SATA III vs Thunderbolt? Is your main gripe that you have to have an enclosure on your desk? It certainly isn't speed related. I don't know how many edit bays I walk into every day and see the ole trusty cheese grater and mountains of external enclosures attached. Just trying to make sense of your rant. BTW, I'm not simply just some "apologist", I happen to own and am very happy with a 4,1 & 5,1 in my home studio. My corporate work studio is just as capable, if not more, with a 6,1. *shrill heard for miles*

You're not being "attacked" for your opinion. You're being "attacked" because you refuse to accept others opinions.

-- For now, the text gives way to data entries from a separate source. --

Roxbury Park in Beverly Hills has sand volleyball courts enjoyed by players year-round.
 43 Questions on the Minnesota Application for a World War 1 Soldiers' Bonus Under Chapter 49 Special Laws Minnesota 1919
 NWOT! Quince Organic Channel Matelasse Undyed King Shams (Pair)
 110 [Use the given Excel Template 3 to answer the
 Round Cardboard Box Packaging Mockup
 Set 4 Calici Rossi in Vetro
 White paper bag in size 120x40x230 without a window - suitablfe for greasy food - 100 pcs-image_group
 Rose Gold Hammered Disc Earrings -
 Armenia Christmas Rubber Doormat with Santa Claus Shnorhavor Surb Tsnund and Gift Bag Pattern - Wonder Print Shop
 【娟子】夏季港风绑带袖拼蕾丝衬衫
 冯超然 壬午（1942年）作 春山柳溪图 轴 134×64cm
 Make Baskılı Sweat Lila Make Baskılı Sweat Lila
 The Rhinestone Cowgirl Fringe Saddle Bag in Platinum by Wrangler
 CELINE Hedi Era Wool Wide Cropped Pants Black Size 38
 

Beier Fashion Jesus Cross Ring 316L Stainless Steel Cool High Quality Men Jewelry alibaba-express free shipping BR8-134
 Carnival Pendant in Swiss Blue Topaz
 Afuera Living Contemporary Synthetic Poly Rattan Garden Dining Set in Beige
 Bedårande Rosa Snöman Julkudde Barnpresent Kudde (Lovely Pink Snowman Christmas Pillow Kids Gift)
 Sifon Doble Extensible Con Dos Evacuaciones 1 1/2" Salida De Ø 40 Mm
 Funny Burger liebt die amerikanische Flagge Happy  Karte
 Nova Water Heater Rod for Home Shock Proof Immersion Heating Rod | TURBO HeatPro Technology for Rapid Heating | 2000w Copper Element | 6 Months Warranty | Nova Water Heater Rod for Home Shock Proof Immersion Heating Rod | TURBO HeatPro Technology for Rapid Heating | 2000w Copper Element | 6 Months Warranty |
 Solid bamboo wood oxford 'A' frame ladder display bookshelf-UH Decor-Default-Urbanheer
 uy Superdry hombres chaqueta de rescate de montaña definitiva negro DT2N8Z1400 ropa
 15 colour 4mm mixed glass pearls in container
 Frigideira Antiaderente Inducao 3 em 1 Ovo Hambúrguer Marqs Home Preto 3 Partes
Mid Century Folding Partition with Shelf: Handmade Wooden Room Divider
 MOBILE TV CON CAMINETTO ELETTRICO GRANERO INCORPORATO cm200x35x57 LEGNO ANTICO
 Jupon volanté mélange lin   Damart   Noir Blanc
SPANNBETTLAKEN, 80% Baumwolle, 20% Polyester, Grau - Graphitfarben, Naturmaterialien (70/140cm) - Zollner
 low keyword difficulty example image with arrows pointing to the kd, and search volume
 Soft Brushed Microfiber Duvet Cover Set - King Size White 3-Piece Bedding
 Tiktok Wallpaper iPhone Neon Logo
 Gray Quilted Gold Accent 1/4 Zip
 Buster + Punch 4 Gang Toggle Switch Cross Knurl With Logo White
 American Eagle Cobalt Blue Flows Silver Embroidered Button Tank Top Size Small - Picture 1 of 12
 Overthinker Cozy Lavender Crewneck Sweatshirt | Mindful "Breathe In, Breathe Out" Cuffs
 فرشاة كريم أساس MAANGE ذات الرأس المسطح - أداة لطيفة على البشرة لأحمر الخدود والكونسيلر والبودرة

If I say I prefer the color green telling me there are alternatives demonstrates an unwillingness to accept my preference. As a preference I don't need to hear about alternatives. Telling me about them serves no purpose other than an attempt to convince me some other color should be my preference.

Try mixing yellow and blue. Maybe you'll live a longer life?
 
Asking for more SSD slots I can understand. Anyone who is asking for 3.5" drive bays is doing it wrong. If you want that, seriously, get an external. It doesn't make any sense to include that as an internal drive, especially when to get any sort of pro performance out of them you have to RAID a bunch together.

I wouldn't be surprised to see 3.5" drives to start disappearing from PC workstations as well, and motherboards to start shipping with less and less SATA connectors. Complaining about internal 3.5" drives is like complaining about the lack of internal floppy disk drives in 1999.

Asking for 3.5" drives is like asking for a fast car with that is hauling a semi trailer behind it. Why bother buying such fast hardware to run it off slow drives that will bottleneck everything?
Here we go again...refusing to accept other people's preferences.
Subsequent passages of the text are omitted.